21.2.09

Les moments doux

On sait bien qu'on dit des choses de soi chez le coiffeur qu'on ne dit pas facilement ailleurs.

"En japonais, quand il se produit un événement très important, on dit : cela ne peut pas faire une histoire. Comme si ce que l'on vivait était en soi inexprimable sinon dans des termes déjà acceptés par le corps social. Une phrase par exemple qui commence par : "j'ai perdu un enfant" doit nécessairement continuer ainsi : "c'est une expérience douloureuse, terrible". Le travail de la littérature consiste à casser ces signes codés ou du moins à les éviter. Si je ne peux m'empêcher de relater ce type d'expérience, c'est surtout ma manière de lutter contre ces signes socialement acceptés. L'expérience fondamentale sera bien sûr d'essayer de cerner ce que l'on éprouve mais en tentant d'aller jusqu'au noyau du sens."
Tsushima Yûko. Entretien avec Philippe Forest in Pour un autre roman japonais.

J'aime mes conversations aléatoires.
J'aime aussi découvrir que ce que j'avais pris pour une parole personnelle et intime est, en fait, un lieu commun que n'importe quelle autre personne, dans la même conversation, m'aurait dite.
Qu'est-ce qui compte davantage ? L'intention du locuteur ou la façon dont son auditeur reçoit ses paroles ?
Il m'est parfois très doux et paisible de me reposer des mots auxquels, par ailleurs, ma vie est tellement attachée.
Je détesterais être anthropologue et faire de l'étranger un sujet d'étude plutôt que de pouvoir continuer à vivre ces instants vertigineux.
Ces instants où, tout à coup, nos différences se rappellent à moi, ces instants minuscules qui me permettent -même fugitivement- d'apercevoir des existences qui se passent de psychanalyse, qui ne connaissent pas la perpétuelle habitude de donner un avis personnel en toute circonstance et même quand personne ne le sollicite.
Ces instants de rencontre, au-delà des mots et des cultures.
Ces instants qui valent pour ce qu'ils sont, pas pour ce qui s'y dit.

Ma coiffeuse, en me tendant sa carte, a désigné le premier caractère de son prénom : "ça veut dire amour".
Combien de significations ce mot a-t-il dans le monde ?
Le sens que je lui donne, moi, va très bien à Aiko.

3 commentaires:

Anonyme a dit…

J'ai decouverts votre blog il y a quelques jours par hasard.

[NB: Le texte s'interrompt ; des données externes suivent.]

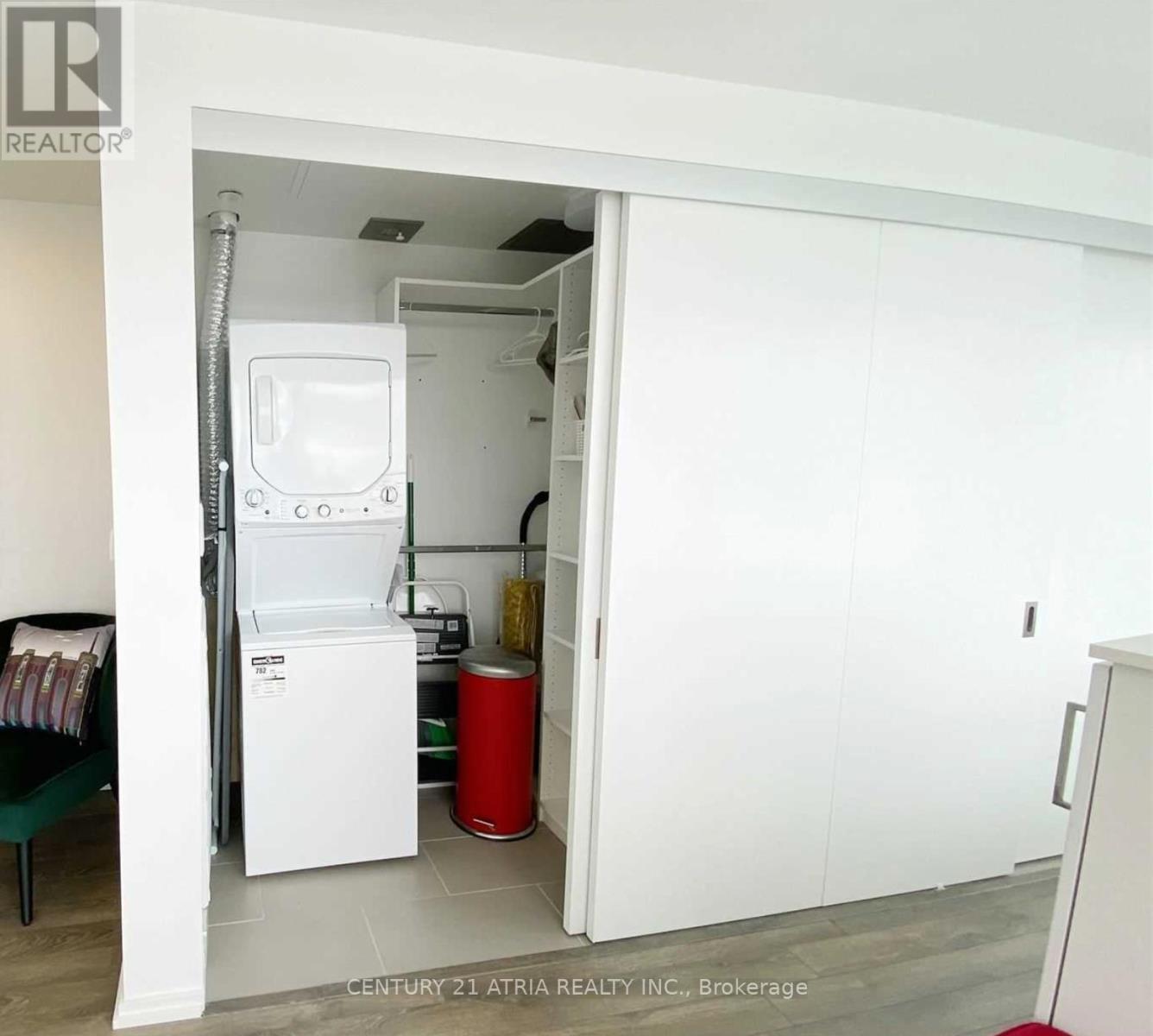 5512 - 197 Yonge Estates, Toronto, Ontario  M5B 0C1 - Photo 6 - C12567724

Je vis moi -meme a Tokyo dans le quartier de yoyogi et je suis tres heureuse de trouver quelqu'un qui decrit et illustre si bien ces petits moments, hasards et surprises qui nous sont offerts par la vie Tokyoite bien loin des habituelles harajuku-girls et derniers produits sony.

Merci!

Dvorah a dit…

et merci encore de partager ces moments doux avec nous sur ce blog.

Tanguy de M a dit…

oui, je partage l'avis de Nora, moi qui viens de re-poser les pieds dans l'exagone, quittant cette ville que tu décris si bien et y ayant trouvé une partie de tout cela. Merci pour ton dernier mail auquel je répondrai (je voulais juste relire un peu ton blog et y reprendre quelques images afin de ne pas quitter trop vite cette endroit, bien qu'en France depuis trois heures seulement). Je te salut bien amicalement.